WBS faculty played a significant role in the group of scholars at ETS who study John Wesley, known as the “Wesley Group.” Dr. Matt Friedeman, professor of evangelism and discipleship, and Dr. Rick Boyd, associate professor of biblical studies, gave two of the three papers presented in the Wesley Group.
Dr. Friedeman presented a paper at ETS on John Wesley’s appreciation for “works of mercy” and what that emphasis ought to mean for evangelical professors today. Dr. Boyd presented research at ETS about John Wesley’s use of Scripture in his sermons and writings.
Dr. Boyd also presented his research on the use of Psalms in the book of Matthew at the IBR’s study group on the relationship between the Old Testament and the New Testament.
The presence of WBS professors at these conferences is important, because they represent a Wesleyan voice largely missing from these conferences which primarily feature theologically Reformed perspectives.
“ETS is theologically evangelical but leans Baptistic and Calvinistic,” Friedeman observed. “We get the opportunity to add our Wesleyan flavor to the mix.”

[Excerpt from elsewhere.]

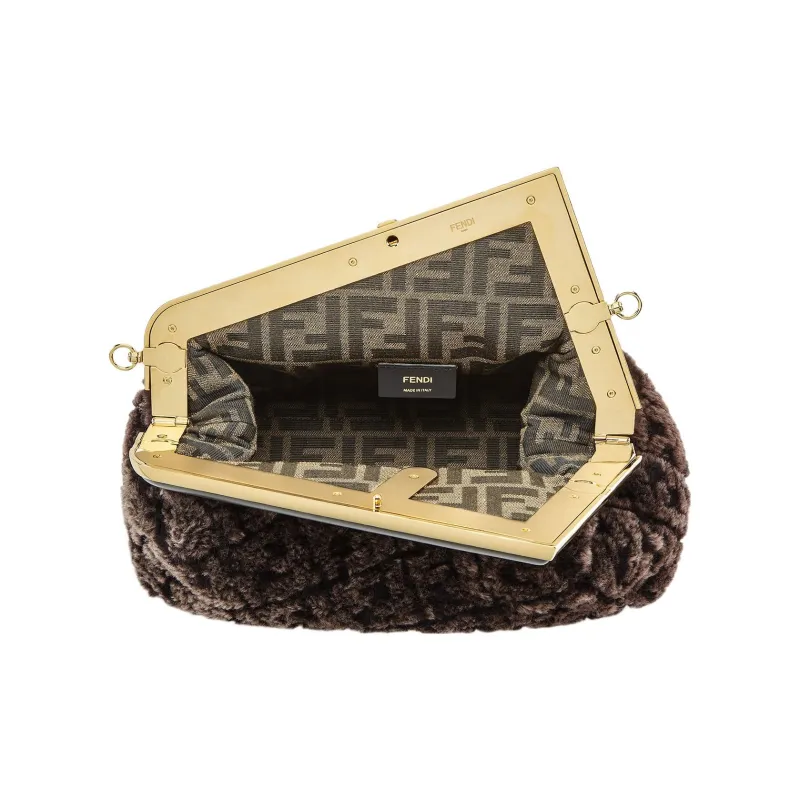 FENDI Sheepskin One Shoulder Crossbody Clutch Regular Women's Dark Brown-3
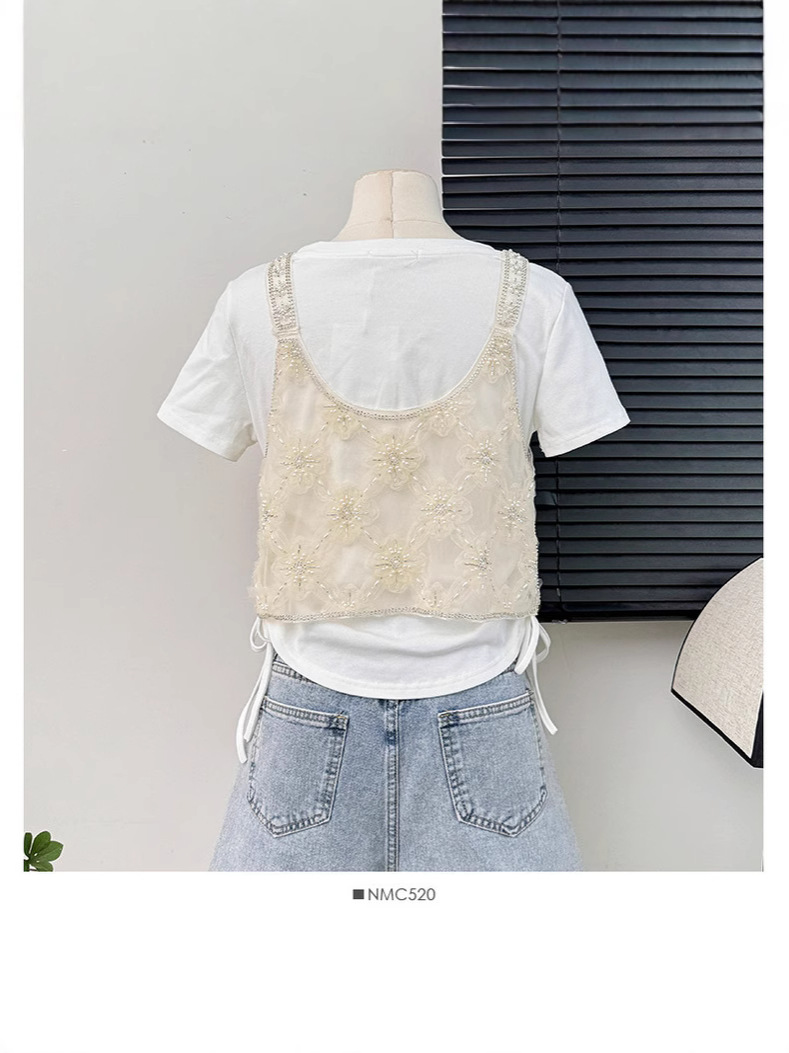 Picture of French Heavy Industry Beaded Hollow Stacked Camisole Women's Summer Design Sense Niche Western Style Fashion Short Top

Boyd agreed, adding, “Although much scholarly work in biblical studies comes from the Reformed tradition, our participation in this type of activity helps supply a Wesleyan voice.”
Dr. David Schreiner, assistant professor of Old Testament at WBS, presented at the IBR about his research in 1 Kings. The title of his research was “Now Rehoboam, Son of Solomon, Reigned in Judah’: Pondering the Semantic and Structural Significance of 1 Kgs 14:21.” This particular project is part of Schreiner’s efforts to produce a commentary on 1 and 2 Kings.
Schreiner believes that WBS has a unique role to serve in the scholarly discussions at these theological conferences. “WBS offers a conservative voice rooted in a particular theological tradition, valuing a commitment to Scriptural coherence and integrity,” Schreiner said. “We value critical study, but not to the extent that it undermines the coherence of Scripture. We can show how critical study can enhance spiritual maturity and growth.”
At these conferences, and in the classroom, these WBS professors represent the Wesleyan vision of “knowledge and vital piety” being combined for the sake of God’s kingdom.